Synthesis and characterization of phosphono-CheY from Thermotoga maritima
2009
The chemical and molecular mechanisms of bacterial chemotaxis have been extensively
characterized through structural studies of mutant chemotaxis proteins. CheY~P (the active,
signaling form of CheY) binds the switch protein FliM at the intracellular base of the flagellar
motor, switching the direction of flagellar rotation from clockwise to counterclockwise and
punctuating periods of smooth-swimming with tumbling and random reorientation. The
conformational changes accompanying phosphorylation and activation of the response regulator
CheY have been identified; however, transfer of the “active” signal from CheY~P to the flagellar
switch complex is unknown.

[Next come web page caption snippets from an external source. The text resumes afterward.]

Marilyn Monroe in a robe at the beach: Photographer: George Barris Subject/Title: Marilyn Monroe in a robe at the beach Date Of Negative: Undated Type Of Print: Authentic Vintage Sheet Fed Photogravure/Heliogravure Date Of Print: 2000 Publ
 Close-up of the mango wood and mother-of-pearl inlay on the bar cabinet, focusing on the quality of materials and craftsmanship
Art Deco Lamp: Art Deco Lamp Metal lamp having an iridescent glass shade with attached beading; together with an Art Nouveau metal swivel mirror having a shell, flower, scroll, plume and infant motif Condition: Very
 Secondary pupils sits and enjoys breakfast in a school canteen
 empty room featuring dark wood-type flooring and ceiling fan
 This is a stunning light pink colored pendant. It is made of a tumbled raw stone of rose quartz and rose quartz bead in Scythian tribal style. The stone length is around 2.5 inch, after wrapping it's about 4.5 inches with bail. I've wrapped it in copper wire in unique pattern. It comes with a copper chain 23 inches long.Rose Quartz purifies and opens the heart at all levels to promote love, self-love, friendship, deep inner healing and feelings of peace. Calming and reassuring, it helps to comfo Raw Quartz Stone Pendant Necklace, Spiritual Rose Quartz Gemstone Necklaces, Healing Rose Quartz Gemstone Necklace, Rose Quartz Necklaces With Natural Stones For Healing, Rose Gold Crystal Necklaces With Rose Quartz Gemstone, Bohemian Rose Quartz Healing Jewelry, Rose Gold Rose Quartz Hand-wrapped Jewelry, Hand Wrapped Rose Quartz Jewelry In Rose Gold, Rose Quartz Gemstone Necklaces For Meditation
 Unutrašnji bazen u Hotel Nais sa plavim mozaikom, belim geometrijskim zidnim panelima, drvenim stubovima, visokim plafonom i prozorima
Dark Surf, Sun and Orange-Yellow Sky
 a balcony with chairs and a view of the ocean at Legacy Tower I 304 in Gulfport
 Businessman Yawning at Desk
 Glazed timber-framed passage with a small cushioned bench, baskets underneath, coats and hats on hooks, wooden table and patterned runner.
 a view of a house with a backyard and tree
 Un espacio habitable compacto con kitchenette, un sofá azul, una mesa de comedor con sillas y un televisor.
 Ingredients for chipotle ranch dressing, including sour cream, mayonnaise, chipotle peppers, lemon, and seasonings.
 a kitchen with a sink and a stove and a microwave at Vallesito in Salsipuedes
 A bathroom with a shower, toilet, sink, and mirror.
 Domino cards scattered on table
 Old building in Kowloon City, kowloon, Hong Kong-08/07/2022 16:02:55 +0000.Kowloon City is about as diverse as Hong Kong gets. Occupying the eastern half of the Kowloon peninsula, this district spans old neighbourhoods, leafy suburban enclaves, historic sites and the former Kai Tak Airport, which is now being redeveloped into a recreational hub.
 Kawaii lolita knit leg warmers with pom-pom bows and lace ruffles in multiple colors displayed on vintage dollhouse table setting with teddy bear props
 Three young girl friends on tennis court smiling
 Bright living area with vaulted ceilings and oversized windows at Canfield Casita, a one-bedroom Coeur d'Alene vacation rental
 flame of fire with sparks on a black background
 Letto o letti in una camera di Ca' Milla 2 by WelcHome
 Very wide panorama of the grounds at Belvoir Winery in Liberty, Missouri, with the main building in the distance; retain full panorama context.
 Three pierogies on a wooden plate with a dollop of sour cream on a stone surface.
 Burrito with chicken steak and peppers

Crystallization of FliM alone and in complex with CheY~P would
allow detailed analysis of the interactions between CheY~P and FliM that force a change in the
directional rotation of the flagella. These structures are difficult to crystallize since FliM is a
membrane-bound protein and is not soluble in the conditions necessary for crystallization. The
a-proteobacteria, Bacillus subtilis and Thermotoga maritima contain protein phosphatases that
share homology with the central domain of FliM. If these phosphatases bind CheY~P in a
similar manner as FliM, a crystal structure of CheY~P in complex with one of these
phosphatases may shed light on the interactions that occur at the base of the flagellar motor.
Since CheY~P has a short half life, an analogue known as phosphono-CheY was synthesized and
purified under various conditions. Thermotoga maritima D54C/C81S CheY was purified from
the soluble fraction of a cell lysate using immobilized metal affinity chromatography (Ni2+-NTA)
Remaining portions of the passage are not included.